Happy Aniversary and Congrats on your new babies!


----------



## jglfainters (Jan 10, 2011)

Which one is mine?? I'll take any of em  Bree's girls look good fluffed up!!


----------



## firelight27 (Apr 25, 2009)

Awesome! It seems like the buck streak is turning around here on the forum as we get further towards summer, or is it just me? I like them all, but I adore those first two, especially the blue eyed one.


----------



## jodief100 (Jan 15, 2011)

I want ALL of them!

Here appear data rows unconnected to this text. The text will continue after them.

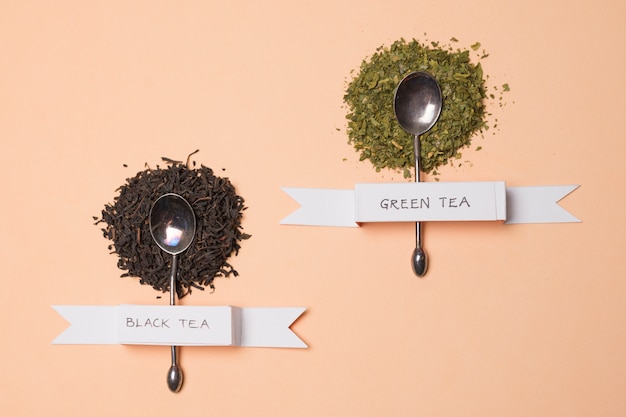 Etiqueta de té de hierbas negro y verde en las hierbas sobre el telón de fondo de melocotón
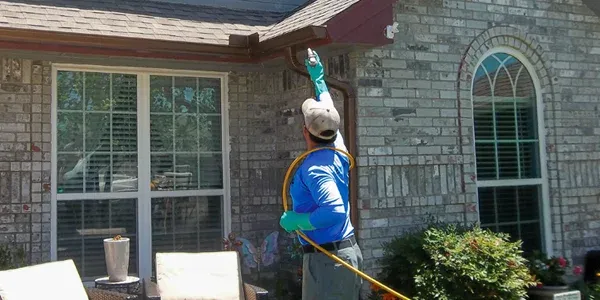 technician spraying exterior of home for pest protection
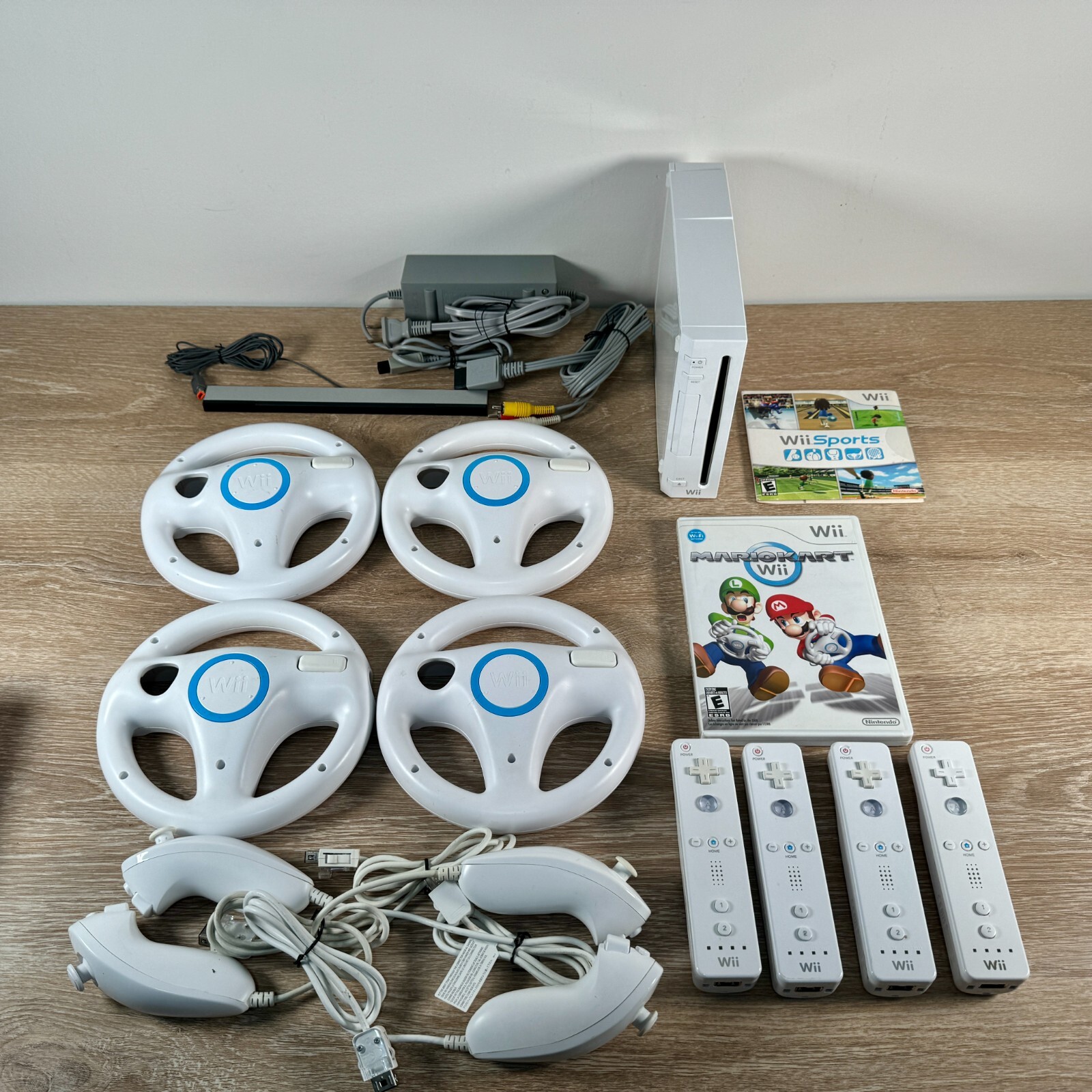 Nintendo Wii Console Mario Kart Bundle with Wii Sports, 4 Controllers & 4 Wheels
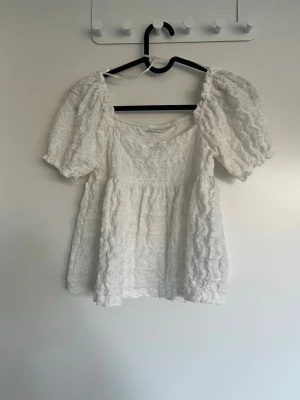 Vit puffärm blus från Gina Tricot - Supersöt vit blus från Gina Tricot med puffiga korta ärmar och vågig struktur i tyget. Blusen har en luftig passform och en lätt rynkad effekt som ger en romantisk vibe. Perfekt till jeans eller kjol för en fräsch look.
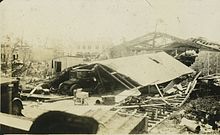 Picture depicting damage to a car dealership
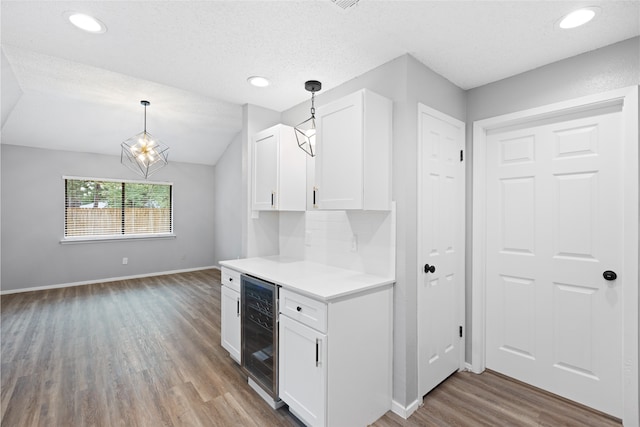 2314 Peaceful Valley Dr, Spring, TX 77373 - kitchen featuring beverage cooler, wood finished floors, white cabinetry, light countertops, and hanging light fixtures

They are so cute!


----------



## StaceyRosado (Oct 5, 2007)

awe congrats Jess


----------



## SkyesRanch (Nov 11, 2010)

If you don't want them you can bring them to me.   

SOOOOO cute!


----------



## DebMc (Dec 11, 2009)

Congrats on the 4 girls! arty: :kidred: :kidred: :kidred: :kidred: arty: And Happy Anniversary! :stars: 

They are all gorgeous! Trinket reminds me of an itsy bitsy Mitsy. 

Deb Mc


----------



## KatieT (Mar 20, 2011)

They are beautiful - congratulations!


----------